▶ **EXERCISE**
For each line in the data below that holds "antigen", return a copy.

[Brief descriptive captions]
= = = = =

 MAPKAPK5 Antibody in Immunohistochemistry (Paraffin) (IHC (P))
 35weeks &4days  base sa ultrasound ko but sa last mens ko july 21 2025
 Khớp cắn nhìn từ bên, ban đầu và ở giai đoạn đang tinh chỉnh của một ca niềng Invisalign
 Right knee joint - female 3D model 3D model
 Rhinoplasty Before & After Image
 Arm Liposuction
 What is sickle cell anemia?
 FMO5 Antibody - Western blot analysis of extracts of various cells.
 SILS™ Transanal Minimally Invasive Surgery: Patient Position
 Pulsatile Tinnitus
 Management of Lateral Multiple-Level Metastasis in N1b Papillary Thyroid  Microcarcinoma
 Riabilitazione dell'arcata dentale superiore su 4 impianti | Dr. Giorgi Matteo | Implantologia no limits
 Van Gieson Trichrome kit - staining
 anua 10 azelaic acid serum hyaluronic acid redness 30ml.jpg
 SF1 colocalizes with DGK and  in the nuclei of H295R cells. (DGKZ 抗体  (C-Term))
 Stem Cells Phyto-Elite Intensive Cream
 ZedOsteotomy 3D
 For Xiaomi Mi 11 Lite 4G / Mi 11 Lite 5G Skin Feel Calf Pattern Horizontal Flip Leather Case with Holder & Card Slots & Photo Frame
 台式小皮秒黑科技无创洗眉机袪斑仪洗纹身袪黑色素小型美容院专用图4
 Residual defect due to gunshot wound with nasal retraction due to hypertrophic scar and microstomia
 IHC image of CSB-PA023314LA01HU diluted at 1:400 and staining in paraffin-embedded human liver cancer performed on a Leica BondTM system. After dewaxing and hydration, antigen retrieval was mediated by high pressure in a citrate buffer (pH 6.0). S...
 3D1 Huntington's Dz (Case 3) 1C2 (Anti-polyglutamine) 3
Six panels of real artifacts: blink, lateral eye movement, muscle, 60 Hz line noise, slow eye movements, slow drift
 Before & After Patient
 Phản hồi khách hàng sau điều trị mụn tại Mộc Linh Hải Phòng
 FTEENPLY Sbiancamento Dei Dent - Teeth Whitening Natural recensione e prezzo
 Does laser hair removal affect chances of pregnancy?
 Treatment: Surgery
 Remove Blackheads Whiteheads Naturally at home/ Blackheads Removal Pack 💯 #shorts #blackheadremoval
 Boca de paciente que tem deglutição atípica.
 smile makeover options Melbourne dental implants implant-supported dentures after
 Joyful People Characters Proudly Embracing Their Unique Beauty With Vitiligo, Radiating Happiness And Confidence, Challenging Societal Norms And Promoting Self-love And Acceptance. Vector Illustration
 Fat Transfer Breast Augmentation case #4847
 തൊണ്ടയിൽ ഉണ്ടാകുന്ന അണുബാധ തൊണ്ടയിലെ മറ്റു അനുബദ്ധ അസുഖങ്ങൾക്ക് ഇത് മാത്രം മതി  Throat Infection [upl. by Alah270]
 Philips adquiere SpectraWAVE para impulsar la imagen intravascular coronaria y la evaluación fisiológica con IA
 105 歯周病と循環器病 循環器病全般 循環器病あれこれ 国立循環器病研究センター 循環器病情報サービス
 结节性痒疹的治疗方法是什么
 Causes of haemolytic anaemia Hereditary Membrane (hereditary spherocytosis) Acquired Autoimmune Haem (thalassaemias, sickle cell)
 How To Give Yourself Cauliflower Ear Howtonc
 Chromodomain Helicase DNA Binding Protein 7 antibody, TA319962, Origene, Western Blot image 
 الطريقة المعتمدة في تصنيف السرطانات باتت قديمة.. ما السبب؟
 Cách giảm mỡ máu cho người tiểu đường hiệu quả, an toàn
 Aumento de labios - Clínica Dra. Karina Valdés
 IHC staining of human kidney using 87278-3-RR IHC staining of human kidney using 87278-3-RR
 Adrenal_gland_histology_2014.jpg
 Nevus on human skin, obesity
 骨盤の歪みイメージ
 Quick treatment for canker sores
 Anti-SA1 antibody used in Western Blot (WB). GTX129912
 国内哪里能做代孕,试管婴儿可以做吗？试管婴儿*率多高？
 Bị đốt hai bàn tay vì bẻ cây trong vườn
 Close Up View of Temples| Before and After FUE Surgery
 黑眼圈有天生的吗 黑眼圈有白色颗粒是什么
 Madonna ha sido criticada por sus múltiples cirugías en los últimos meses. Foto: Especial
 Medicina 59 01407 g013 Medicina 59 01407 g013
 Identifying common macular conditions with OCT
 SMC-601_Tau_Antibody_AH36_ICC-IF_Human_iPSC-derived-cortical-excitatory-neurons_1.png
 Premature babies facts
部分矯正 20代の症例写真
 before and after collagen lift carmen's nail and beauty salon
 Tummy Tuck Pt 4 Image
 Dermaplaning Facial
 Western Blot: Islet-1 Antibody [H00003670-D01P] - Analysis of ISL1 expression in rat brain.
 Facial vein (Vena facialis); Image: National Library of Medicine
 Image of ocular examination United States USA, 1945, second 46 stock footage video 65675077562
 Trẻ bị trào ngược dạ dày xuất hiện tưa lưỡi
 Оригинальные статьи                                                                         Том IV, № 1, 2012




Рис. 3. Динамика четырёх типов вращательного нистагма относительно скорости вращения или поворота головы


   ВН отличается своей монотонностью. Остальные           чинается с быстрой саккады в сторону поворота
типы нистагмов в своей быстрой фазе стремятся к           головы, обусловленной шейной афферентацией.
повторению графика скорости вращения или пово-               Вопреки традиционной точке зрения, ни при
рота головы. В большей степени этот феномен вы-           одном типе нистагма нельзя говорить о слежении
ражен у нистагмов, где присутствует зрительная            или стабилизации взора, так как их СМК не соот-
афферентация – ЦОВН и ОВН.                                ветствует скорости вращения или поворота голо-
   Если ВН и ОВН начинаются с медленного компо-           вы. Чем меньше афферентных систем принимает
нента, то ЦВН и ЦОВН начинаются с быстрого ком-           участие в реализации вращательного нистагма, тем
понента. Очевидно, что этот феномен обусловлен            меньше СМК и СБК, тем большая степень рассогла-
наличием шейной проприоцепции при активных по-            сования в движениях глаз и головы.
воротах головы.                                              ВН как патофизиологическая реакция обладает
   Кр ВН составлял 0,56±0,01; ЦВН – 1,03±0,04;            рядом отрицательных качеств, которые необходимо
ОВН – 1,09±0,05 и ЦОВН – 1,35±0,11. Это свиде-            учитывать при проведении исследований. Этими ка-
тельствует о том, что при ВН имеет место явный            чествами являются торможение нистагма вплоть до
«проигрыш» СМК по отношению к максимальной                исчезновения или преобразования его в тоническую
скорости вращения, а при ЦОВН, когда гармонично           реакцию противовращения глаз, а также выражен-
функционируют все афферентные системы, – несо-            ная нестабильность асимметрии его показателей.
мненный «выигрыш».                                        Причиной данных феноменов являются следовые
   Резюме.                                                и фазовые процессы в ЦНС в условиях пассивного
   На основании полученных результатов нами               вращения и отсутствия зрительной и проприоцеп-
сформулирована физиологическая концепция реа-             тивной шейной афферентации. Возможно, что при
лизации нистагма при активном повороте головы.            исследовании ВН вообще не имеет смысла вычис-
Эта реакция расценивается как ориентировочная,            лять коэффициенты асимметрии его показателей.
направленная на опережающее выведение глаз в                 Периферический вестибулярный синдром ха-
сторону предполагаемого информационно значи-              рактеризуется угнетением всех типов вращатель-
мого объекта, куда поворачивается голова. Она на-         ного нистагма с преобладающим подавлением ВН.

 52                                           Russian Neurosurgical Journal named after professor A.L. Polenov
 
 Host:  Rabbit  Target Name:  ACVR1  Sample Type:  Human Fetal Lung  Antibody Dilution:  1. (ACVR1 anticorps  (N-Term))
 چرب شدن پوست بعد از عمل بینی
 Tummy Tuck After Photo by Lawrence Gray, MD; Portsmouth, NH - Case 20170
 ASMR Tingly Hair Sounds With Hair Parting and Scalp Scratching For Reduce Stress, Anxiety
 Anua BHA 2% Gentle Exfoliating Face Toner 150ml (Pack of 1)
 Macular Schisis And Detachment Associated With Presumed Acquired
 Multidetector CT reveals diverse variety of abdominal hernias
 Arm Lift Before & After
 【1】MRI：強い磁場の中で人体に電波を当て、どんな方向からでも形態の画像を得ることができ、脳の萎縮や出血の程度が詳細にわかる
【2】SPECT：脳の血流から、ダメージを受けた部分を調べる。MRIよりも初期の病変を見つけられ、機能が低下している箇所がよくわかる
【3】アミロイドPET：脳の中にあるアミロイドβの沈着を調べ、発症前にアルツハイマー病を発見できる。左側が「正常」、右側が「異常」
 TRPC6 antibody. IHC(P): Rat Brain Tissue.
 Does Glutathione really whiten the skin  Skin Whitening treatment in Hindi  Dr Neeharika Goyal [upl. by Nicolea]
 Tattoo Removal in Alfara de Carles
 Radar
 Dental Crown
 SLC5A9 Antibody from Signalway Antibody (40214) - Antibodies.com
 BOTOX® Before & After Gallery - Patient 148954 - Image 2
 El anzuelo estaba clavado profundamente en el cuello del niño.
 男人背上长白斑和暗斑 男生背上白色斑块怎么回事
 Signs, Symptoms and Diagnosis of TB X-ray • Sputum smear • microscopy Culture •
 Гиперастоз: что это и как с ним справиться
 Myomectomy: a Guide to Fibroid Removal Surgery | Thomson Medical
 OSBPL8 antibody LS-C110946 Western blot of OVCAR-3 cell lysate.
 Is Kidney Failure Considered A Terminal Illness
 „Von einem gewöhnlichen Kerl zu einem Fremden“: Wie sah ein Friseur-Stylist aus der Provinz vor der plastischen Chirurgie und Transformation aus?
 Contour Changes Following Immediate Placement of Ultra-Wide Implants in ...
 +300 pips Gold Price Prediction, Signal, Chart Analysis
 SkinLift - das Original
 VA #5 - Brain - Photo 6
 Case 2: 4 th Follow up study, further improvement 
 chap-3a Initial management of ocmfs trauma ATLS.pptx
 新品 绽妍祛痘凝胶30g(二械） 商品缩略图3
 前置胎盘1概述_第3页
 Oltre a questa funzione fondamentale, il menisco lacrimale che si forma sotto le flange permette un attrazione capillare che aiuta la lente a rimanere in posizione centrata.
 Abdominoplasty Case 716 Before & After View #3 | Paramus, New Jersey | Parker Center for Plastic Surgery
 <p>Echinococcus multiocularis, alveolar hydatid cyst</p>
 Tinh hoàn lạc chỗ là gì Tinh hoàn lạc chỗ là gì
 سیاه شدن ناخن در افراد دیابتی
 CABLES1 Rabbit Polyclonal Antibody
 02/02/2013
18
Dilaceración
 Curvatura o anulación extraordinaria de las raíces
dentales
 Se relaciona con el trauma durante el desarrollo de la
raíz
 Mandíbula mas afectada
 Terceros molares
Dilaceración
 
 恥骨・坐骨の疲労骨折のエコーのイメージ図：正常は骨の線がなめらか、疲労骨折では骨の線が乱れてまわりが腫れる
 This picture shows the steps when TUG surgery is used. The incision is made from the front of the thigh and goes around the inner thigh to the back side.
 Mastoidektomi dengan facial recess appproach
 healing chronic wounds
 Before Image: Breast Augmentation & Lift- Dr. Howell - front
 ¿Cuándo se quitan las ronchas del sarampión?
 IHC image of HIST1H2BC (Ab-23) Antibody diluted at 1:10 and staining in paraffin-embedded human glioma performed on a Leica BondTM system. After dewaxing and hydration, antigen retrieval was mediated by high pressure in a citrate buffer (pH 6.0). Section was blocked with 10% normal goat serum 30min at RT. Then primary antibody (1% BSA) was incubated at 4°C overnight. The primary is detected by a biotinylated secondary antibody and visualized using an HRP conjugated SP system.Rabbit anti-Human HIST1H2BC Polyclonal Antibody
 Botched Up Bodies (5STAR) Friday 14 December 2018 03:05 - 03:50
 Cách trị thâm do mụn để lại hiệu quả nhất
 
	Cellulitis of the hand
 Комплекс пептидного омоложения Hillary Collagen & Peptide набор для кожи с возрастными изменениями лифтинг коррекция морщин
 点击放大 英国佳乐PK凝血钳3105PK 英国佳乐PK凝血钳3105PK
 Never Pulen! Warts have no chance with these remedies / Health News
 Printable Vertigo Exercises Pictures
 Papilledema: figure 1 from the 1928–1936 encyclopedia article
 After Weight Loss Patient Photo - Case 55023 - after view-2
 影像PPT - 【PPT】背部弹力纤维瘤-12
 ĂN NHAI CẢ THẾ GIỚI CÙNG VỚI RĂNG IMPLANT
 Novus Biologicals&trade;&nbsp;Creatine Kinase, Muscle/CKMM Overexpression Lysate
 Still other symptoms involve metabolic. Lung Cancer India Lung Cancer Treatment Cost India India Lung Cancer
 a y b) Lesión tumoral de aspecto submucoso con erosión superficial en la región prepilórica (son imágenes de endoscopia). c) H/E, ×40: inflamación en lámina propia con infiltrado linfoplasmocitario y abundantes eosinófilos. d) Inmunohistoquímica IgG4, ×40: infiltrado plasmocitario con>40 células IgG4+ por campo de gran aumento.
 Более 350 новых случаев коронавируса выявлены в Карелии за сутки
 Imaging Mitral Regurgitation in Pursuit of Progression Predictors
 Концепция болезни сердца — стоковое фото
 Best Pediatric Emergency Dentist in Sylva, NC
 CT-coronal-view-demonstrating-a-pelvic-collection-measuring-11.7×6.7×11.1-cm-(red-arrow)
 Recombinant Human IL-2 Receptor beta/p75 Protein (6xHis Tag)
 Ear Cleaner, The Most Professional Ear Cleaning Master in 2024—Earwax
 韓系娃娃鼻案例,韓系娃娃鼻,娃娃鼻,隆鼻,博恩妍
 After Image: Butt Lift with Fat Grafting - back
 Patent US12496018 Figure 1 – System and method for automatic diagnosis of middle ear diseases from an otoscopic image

= = = = =

▶ **TASK OUTPUT**
 IHC image of CSB-PA023314LA01HU diluted at 1:400 and staining in paraffin-embedded human liver cancer performed on a Leica BondTM system. After dewaxing and hydration, antigen retrieval was mediated by high pressure in a citrate buffer (pH 6.0). S...
 IHC image of HIST1H2BC (Ab-23) Antibody diluted at 1:10 and staining in paraffin-embedded human glioma performed on a Leica BondTM system. After dewaxing and hydration, antigen retrieval was mediated by high pressure in a citrate buffer (pH 6.0). Section was blocked with 10% normal goat serum 30min at RT. Then primary antibody (1% BSA) was incubated at 4°C overnight. The primary is detected by a biotinylated secondary antibody and visualized using an HRP conjugated SP system.Rabbit anti-Human HIST1H2BC Polyclonal Antibody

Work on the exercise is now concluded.